On my OS map, Whisper Dales are marked as a tourist attraction, I presume for the scenery. We stopped to chat to an Australian with a 'Sydney' baseball cap and a map that was priced 6s net, and we all admired the double-headed little valley, the spring-clear stream and relished the shelter and the quiet, there is no road.

After a mile or so of grassy track we reached the mouth of Whisper Dales and some dead-end Tarmac that had become a stream, and we had to use the camber to keep to the shallows. This led to a sunken path with head-high banks rich in ferns and mosses, but also a streambed.

Strengthened by sandwiches taken perched on a footbridge we sloshed on, and as the path neared Broxa Farm it became a quagmire.

We kept dry feet - just, otherwise it was very nice, and a black Labrador befriended us and despite various admonishments insisted on following.

A lane brought relief, underfoot if not canine, and then we climbed into the forest and found a track along the top edge of Lang Dale, the River Derwent's deep and wooded valley here.
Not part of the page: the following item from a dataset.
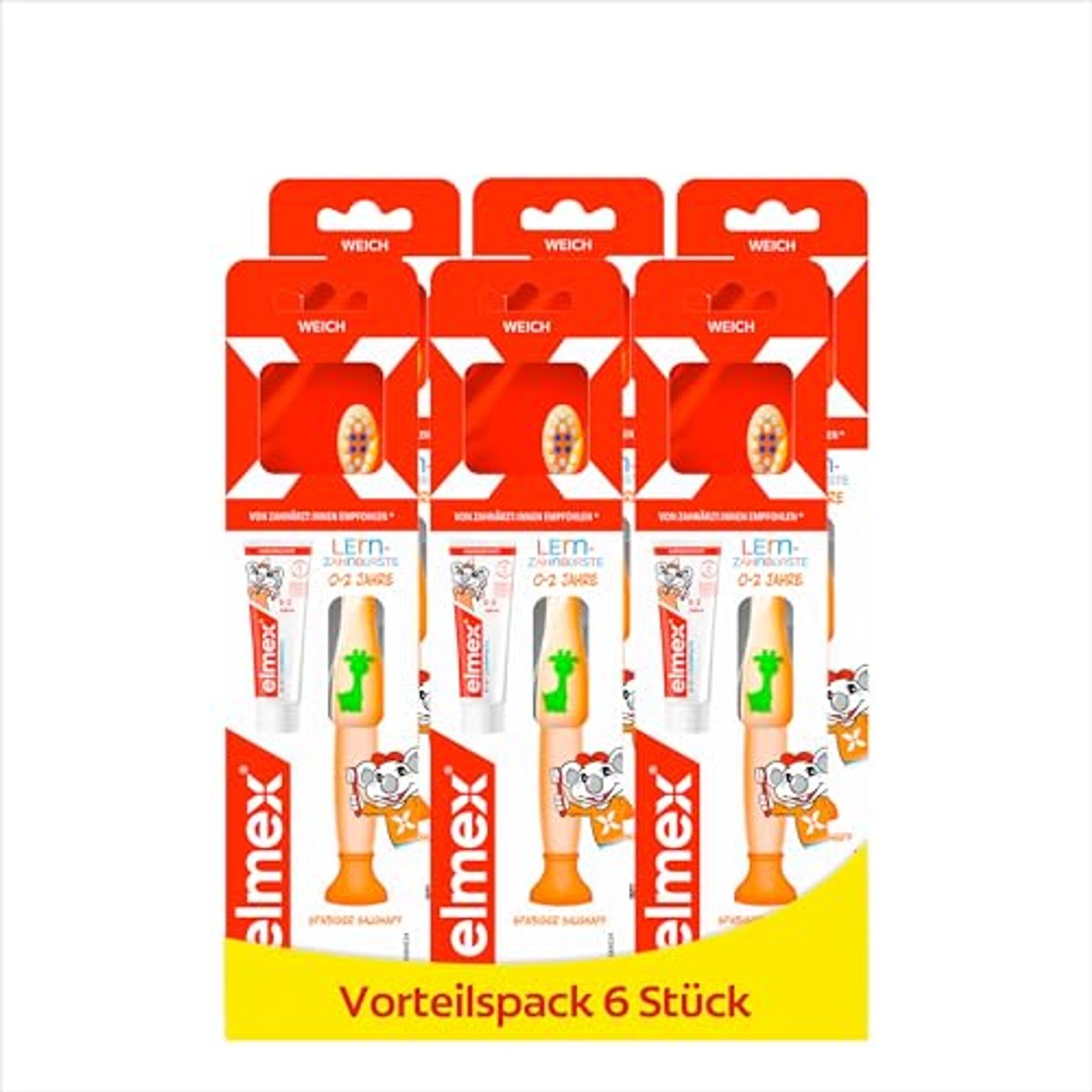 ELMEX leertandenborstel met kindertandpasta 12 ml, 6-pack – ELMEX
The track was sound, coated in needles and not much used. Oak trees are regenerating and there were intermittent views to an eternity of forest and to the eye-catching roundness of Howden Hill.

We still had the Labrador and resolved to dispatch it home whatever, which proved a great game, and we only succeeded by shouting and waving long whippy sticks.
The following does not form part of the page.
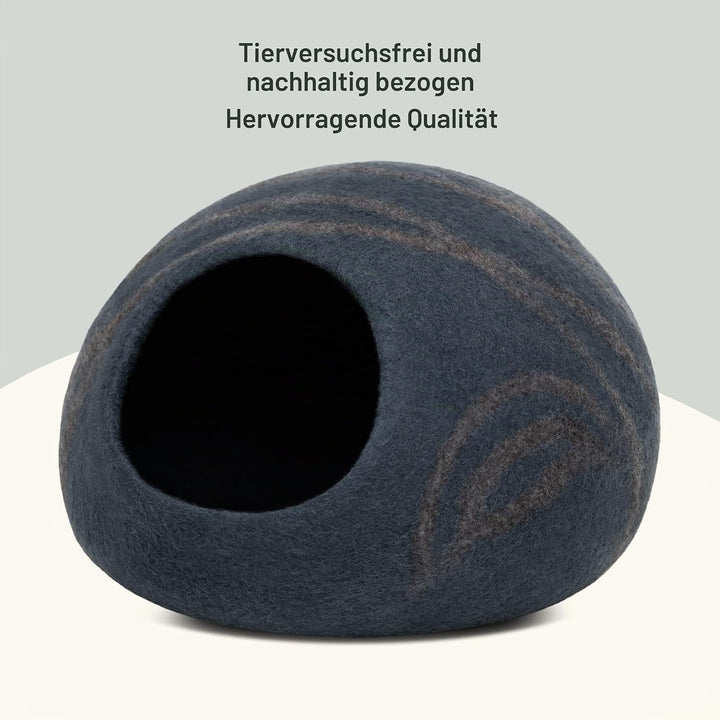 MEOWFIA Katzenbett Höhle – Umweltfreundliche Betten aus 100% Merinowolle für Katzen und Kätzchen (L,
Barns Cliff End is the right angle corner of the Derwent's valley and the escarpment that overlooks Harwood Dale and the moors.

The weather had cleared so we got an unexpected sunset and the lights of farmhouses started to switch on below us in the valley.

We had switched off a bit by then and forgot to have a look at the meteorological station, but happy, trundled the mile and a half of top-track back.


When in doubt look at the map. Check your position at each point. Keep straight on unless otherwise directed.

1. From two bridleway signs at north-western corner of car park at Reasty Bank Top, cross track to track at 11 o'clock into wood (ignore track to right signed Reasty to Allerston). Stay on track at left-hand bend, descend into Whisper Dales.

2. At fieldgate by house, leave track and continue down valley. Stream on left, crossing at gateway, stream now on right (waymark). Cross side stream, 1 o'clock, fieldgate.

3. Footbridge over stream and left to lane. Stream now follows lane. Option to use right of way alongside in fields - muddy).

4. Immediately before ford and footbridge, right uphill on sunken path (partly stream as well, signed 'No Vehicle Access').

5. At top of path, cross farm track and right to track (so hedge on right), pass farm, right to lane.

6.Track into forest for 200 yards, track on left (forest gate), 200 yards, right to valley edge track which leads, via Barns Cliff End, back to car park.

Fact file:

Distance: Six and a half miles.

Time: Three hours.

General location: North York Moors eastern area, five miles west of Scarborough.

Start: Reasty Bank car park. Grid Ref: 965 944.

Right of way: The complete route is along public rights of way and open access forest.

Date walked: Sunday, November 25, 2001.

Road route: Road north from East Ayton on the A170 for 5 miles, via Hackness and Silpho.

Car parking: Free Forest Enterprise car park.

Lavatories: None.

Refreshments: None.

Tourist and public transport information: Pickering TIC 01751 473791

Map: Based on OS Outdoor Leisure 27 eastern area.

Terrain: Forested moorland tops, escarpment and valley.

Points of interest: The Forest Enterprise forest is open access.

Difficulty: Moderate.

Dogs: Suitable.

Weather forecast: Evening Press and recorded forecast 0891 500 418.